The United States is the real bogeyman of climate change

  • China should help fund the Global South to transition to a low-carbon economy, but must avoid Washington’s cynical politicisation of proposed developed countries’ compensation for poor and climate-vulnerable nations

Most mainstream economists and international institutions classify China as a developing country. Even the United States usually does, except when it wants to play politics such as at the COP27 summit in Egypt. When it comes to climate change compensation for poorer nations, Washington suddenly wants to put China in the “developed nation” category.

The cynicism and hypocrisy are breathtaking. For geopolitical one-upmanship over China, the US is willing to put the entire planet at risk. So much for its supposed global leadership.

India and China are pushing for such a compensation fund along with dozens of developing countries. For the first time, financing for “loss and damage” is on the agenda. After decades of denial, high emitters of early industrialisation in the West concede that they should compensate low- and middle-income countries for the effects of climate change.

The US, however, is stalling. By the way, one of its two dominant political parties denies the reality of climate change. Whatever this Democrat administration commits to, the next Republican one that comes along is likely to repudiate it. Any US climate commitment has little credibility.

There have been plenty of such precedents in the last two decades. In 2001, president George W. Bush announced that his country would not implement the 1997 Kyoto Protocol, because that would hold back US economic growth and that there was not enough pressure put on developing countries to limit their emissions.

World needs global, coordinated action on climate change

In 2017, president Donald Trump cited similar reasons for ending all participation in the 2015 Paris Agreement. You can bet the next Republican president will do the same, whatever Joe Biden commits to in Egypt. But given his bad faith in tying China to the proposed developed nations’ compensation fund, he is no climate saint either.

But, here’s Washington’s bait-and-switch argument: China is the world’s second-biggest economy and is the worst emitter.

The reality is that China’s per capita carbon emission is less than half that of the US. As for its being No 1 in terms of overall emissions, that’s because in the past three decades, it has been “the world’s factory”. Much of its exports ended up in the US. It also enabled the US’ production outsourcing and deindustrialisation in favour of its highly destructive financial capitalism leading to the last global financial crisis.

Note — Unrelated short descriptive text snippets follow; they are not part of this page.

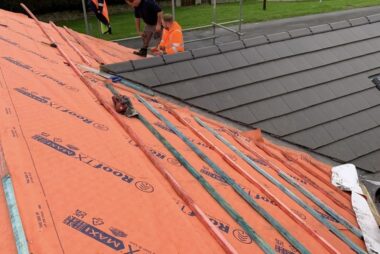 A roof being worked on by professional roofers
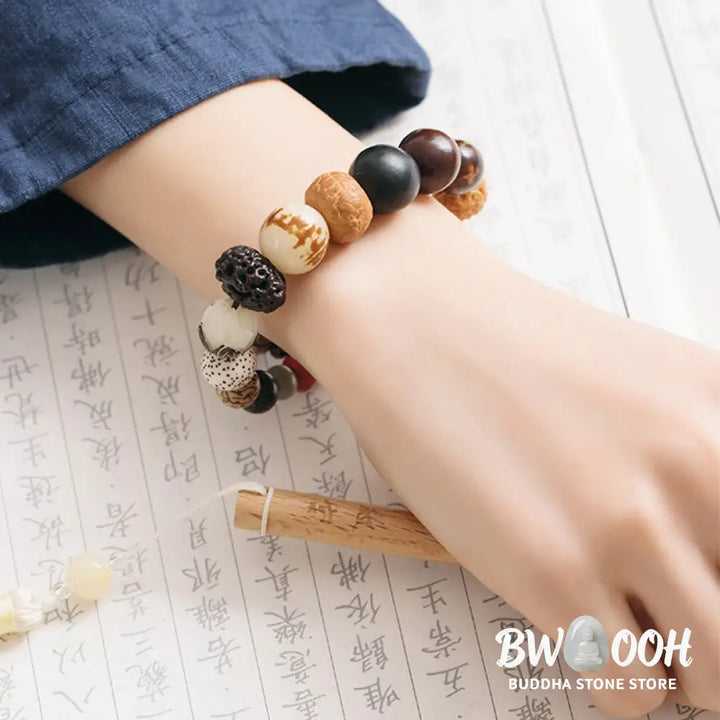 Handcrafted BWOOOH Bodhi Seed Lotus Wisdom Peace Wrist Mala Bracelet, featuring 18 naturally varied bodhi seeds and a delicately engraved lotus symbol, embodying enlightenment, calm, and renewed spiritual focus. - View 5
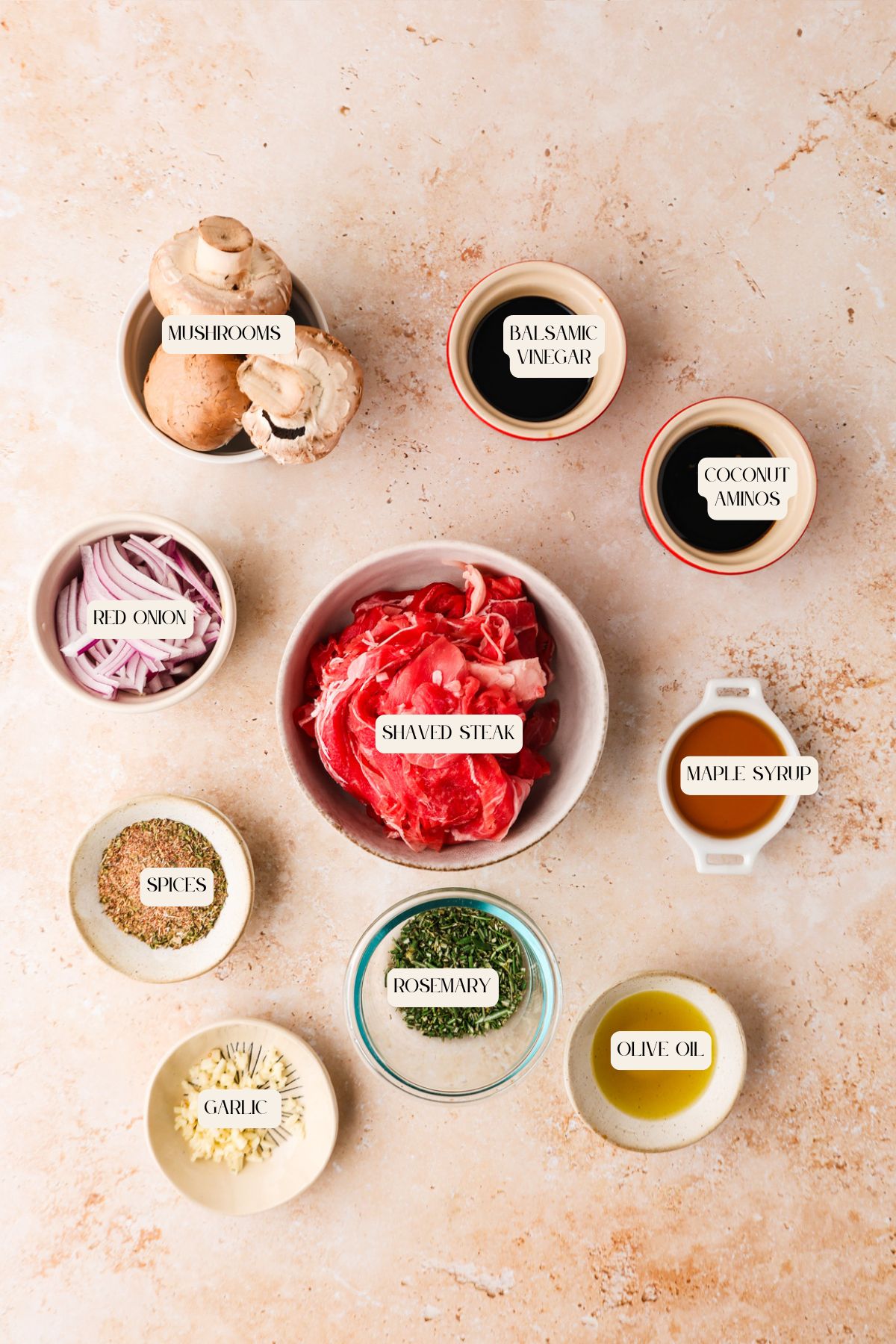 Top-down view of bowls with labeled ingredients for a delicious shaved steak recipe: mushrooms, red onion, spices, garlic, rosemary, olive oil, maple syrup, coconut aminos, and balsamic vinegar arranged on a light surface.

According to Columbia University’s centre on global energy policy: “[China] ranks a mere 86th on the Human Development Index established by the United Nations Development Programme, and its income per capita qualifies it as a middle-income country eligible for World Bank loans. The country is also big and diverse: while Beijing and Shanghai are modern and largely affluent, many regions in China still face the burdens of underdevelopment.”

The World Bank describes the country thus: “China is now an upper-middle-income country. It will be important going forward that poverty alleviation efforts increasingly shift to addressing the vulnerabilities faced by the large number of people still considered poor by the standards of middle-income countries, including those living in urban areas.”

COP27: US demands for China to pay up seen to put climate cooperation at risk

But the most obvious argument for the “loss and damage” fund is that it was the early industrialised countries in the West which generated most of today’s greenhouse gases.

While Beijing must expose Biden’s cynical politicisation of climate policy and refuse to link itself to negotiations over forming a developed countries’ compensation fund, it should work with the much-less hostile European Union to do its part for developing countries.

It has already reiterated its commitment to carbon neutrality. It will continue, but should also strengthen, climate change mitigation measures already included under the Belt and Road Initiative for dozens of developing countries. These should include a combination of debt forgiveness or restructuring, along with construction and trade measures in support of a low-carbon transition that’s tailored to each country’s specific situation. China must pay, but only on fair and equitable terms.